(Items from a data source)
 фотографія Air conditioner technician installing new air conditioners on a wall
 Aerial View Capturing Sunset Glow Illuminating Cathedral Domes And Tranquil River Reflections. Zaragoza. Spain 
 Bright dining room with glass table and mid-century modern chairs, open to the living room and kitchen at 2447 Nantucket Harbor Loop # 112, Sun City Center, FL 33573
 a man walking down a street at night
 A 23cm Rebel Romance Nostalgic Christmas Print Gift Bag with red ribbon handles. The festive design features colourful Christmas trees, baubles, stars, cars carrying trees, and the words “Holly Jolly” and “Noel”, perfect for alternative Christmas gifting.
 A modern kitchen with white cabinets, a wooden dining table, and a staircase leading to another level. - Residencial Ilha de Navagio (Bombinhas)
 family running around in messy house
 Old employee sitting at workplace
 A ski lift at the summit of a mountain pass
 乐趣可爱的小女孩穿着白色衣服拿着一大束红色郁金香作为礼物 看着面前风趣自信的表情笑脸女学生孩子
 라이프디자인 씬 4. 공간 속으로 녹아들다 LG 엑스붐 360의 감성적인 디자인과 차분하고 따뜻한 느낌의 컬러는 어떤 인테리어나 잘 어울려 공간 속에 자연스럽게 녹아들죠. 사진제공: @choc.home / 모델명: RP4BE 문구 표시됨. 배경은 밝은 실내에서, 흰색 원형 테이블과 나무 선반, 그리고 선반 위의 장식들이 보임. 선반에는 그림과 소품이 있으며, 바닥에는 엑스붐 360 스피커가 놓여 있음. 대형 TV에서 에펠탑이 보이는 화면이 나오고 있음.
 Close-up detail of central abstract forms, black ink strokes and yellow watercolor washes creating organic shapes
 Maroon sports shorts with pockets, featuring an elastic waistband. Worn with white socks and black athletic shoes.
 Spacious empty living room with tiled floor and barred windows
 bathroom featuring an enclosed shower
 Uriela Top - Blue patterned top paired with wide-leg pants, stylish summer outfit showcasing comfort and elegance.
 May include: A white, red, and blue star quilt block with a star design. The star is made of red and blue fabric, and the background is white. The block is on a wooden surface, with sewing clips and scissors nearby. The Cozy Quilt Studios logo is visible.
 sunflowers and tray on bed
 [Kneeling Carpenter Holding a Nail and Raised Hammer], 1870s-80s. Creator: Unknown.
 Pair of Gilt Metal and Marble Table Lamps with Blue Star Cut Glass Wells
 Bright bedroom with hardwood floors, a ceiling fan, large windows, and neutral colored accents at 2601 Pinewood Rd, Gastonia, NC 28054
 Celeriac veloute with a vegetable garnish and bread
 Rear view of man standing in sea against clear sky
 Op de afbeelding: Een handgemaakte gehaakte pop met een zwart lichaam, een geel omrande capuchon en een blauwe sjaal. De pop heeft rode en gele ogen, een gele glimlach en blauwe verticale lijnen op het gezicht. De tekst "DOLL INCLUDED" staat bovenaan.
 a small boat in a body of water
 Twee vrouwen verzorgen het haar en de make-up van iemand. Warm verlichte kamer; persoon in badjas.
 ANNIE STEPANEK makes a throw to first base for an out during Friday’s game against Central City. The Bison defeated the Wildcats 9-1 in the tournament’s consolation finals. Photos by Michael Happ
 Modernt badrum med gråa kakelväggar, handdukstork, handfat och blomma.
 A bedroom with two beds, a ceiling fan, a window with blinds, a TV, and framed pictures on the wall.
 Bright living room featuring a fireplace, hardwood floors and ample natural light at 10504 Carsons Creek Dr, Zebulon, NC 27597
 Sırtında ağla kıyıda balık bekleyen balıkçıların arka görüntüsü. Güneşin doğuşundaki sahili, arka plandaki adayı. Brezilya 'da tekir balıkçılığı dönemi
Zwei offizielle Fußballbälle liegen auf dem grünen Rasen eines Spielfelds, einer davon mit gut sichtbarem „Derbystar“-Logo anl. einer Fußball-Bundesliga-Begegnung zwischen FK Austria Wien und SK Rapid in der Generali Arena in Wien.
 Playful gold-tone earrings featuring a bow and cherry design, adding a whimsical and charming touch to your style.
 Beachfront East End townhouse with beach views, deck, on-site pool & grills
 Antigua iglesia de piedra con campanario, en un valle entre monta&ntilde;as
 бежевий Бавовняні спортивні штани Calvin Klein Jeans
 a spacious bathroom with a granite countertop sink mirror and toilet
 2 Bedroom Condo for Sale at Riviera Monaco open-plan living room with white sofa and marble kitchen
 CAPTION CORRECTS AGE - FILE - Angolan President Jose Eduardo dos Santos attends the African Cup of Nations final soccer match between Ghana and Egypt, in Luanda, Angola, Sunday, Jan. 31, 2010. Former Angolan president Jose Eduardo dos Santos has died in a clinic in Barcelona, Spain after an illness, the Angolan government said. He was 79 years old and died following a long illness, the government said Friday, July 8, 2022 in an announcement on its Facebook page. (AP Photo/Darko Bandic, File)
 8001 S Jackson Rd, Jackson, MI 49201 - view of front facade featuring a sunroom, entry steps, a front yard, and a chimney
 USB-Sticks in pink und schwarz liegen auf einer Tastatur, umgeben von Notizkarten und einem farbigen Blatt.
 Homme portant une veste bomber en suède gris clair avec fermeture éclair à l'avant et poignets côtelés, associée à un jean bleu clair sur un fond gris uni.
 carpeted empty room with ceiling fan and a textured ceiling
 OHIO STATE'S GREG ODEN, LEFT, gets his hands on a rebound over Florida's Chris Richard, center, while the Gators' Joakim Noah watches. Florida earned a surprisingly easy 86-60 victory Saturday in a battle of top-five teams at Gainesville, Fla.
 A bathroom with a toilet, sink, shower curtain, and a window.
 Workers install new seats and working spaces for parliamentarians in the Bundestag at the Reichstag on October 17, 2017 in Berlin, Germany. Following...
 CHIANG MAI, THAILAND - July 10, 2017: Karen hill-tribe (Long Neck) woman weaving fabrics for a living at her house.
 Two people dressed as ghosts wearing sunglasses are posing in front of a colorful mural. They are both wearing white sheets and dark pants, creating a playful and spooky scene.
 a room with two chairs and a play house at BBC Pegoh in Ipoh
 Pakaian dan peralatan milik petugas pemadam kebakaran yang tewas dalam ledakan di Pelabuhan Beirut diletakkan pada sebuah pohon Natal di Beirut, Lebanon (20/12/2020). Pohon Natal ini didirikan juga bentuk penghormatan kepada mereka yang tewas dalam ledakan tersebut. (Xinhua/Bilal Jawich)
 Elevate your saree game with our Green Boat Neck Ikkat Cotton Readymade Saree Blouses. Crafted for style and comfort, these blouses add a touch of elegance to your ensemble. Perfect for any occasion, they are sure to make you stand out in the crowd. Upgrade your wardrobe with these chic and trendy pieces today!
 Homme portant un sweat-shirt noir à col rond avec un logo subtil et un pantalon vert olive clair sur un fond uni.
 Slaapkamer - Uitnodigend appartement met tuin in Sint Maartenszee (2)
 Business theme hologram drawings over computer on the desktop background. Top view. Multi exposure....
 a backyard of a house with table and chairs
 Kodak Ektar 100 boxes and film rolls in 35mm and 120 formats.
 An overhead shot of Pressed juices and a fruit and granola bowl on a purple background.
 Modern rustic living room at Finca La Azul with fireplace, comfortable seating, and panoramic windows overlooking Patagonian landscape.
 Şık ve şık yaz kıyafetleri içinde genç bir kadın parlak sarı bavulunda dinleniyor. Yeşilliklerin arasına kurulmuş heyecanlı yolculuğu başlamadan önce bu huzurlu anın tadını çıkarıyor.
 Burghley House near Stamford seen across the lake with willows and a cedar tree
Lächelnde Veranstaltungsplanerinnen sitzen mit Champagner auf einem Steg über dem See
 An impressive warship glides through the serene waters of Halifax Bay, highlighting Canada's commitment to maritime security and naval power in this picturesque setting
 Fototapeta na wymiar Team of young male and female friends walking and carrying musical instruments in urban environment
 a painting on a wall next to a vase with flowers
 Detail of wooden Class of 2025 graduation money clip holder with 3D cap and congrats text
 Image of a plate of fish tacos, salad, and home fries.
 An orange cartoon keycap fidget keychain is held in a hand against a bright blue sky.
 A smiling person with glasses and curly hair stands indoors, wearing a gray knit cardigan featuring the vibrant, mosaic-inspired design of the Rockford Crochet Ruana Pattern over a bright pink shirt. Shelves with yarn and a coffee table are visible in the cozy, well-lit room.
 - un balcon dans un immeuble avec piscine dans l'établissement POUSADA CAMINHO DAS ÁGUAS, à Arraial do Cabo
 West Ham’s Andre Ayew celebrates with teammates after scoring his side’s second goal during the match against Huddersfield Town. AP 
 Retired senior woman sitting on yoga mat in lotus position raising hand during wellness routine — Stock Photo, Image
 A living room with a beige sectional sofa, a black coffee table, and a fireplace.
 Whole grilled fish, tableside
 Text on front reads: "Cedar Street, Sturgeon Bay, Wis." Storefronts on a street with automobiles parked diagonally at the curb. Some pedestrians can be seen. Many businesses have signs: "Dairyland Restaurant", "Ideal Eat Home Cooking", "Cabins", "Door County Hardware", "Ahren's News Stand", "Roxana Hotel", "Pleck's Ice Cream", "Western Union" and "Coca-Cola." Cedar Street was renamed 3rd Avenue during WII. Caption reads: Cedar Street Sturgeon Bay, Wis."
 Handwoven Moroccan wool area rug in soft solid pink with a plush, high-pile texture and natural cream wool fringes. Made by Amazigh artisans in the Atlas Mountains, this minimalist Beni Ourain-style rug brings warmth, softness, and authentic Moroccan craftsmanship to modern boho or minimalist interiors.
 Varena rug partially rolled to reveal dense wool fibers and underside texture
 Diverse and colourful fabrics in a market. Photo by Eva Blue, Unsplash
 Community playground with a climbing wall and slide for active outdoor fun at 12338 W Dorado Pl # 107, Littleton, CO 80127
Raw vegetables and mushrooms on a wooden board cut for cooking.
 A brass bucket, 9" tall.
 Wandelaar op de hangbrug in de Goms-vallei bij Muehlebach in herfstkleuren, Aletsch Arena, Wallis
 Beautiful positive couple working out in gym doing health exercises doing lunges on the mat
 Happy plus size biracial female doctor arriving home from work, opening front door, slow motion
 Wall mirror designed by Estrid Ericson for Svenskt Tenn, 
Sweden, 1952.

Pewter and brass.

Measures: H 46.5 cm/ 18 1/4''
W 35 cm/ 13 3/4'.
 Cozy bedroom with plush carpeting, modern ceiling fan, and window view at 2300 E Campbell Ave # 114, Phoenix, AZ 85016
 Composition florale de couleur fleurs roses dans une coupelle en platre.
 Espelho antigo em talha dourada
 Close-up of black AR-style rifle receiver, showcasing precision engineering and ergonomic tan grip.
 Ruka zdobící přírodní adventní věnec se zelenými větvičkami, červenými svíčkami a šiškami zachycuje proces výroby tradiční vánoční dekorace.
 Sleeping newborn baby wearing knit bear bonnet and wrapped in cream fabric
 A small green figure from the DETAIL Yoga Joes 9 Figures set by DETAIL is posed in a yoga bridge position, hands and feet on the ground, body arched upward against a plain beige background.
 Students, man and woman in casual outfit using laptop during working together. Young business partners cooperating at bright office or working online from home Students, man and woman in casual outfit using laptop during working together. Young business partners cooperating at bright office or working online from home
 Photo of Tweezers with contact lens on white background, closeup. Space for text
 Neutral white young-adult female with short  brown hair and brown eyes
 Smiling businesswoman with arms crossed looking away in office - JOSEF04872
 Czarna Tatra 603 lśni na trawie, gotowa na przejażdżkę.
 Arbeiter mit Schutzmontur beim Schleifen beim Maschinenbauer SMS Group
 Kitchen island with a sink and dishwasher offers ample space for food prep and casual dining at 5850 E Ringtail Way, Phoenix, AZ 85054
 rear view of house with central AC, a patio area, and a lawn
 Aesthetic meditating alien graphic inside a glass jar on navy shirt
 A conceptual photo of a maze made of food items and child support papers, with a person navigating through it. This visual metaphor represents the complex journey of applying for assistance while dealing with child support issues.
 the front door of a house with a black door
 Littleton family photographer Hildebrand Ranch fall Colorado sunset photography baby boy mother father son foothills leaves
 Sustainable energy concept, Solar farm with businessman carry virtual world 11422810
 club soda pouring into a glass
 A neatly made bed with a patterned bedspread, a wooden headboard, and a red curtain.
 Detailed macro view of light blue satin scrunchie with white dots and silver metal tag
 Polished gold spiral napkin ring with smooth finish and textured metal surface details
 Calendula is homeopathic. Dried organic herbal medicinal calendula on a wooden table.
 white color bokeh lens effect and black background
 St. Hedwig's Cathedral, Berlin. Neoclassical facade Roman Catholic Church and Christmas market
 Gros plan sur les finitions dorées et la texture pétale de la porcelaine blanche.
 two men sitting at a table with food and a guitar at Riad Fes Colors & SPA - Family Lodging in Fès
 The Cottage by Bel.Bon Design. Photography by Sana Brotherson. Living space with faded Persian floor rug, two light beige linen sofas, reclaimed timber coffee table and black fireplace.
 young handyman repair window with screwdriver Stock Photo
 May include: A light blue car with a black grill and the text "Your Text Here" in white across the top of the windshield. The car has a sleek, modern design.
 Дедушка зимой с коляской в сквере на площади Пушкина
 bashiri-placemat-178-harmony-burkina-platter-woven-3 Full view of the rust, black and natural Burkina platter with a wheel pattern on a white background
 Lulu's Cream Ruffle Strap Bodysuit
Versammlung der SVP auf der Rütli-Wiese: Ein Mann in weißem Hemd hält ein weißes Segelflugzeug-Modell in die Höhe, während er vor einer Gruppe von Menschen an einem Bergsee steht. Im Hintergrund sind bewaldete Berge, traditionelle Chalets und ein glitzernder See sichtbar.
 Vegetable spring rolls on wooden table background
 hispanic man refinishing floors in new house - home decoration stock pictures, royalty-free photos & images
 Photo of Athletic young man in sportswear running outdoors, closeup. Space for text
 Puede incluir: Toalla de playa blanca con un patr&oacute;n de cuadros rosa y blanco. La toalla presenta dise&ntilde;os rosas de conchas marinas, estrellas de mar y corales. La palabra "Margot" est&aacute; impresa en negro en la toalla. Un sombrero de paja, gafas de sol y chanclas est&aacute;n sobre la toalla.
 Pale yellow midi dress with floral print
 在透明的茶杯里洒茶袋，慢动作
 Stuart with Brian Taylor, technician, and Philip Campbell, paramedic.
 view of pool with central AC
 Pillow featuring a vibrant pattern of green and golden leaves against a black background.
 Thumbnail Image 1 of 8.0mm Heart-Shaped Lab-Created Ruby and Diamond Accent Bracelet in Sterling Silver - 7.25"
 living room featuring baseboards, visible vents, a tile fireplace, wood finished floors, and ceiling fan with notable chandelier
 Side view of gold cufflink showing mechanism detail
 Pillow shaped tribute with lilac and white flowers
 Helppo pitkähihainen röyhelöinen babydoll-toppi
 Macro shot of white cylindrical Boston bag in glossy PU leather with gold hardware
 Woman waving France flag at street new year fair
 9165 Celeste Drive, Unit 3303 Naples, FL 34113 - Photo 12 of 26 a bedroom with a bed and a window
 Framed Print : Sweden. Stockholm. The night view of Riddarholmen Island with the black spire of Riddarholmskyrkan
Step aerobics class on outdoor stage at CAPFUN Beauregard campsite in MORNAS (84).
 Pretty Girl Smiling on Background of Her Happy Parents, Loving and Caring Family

▶ _WORK ITEM_:
Scan the records for lines that hold "street", and reproduce each one you find.

▶ _ANSWER BELOW_:
 a man walking down a street at night
 Text on front reads: "Cedar Street, Sturgeon Bay, Wis." Storefronts on a street with automobiles parked diagonally at the curb. Some pedestrians can be seen. Many businesses have signs: "Dairyland Restaurant", "Ideal Eat Home Cooking", "Cabins", "Door County Hardware", "Ahren's News Stand", "Roxana Hotel", "Pleck's Ice Cream", "Western Union" and "Coca-Cola." Cedar Street was renamed 3rd Avenue during WII. Caption reads: Cedar Street Sturgeon Bay, Wis."
 Woman waving France flag at street new year fair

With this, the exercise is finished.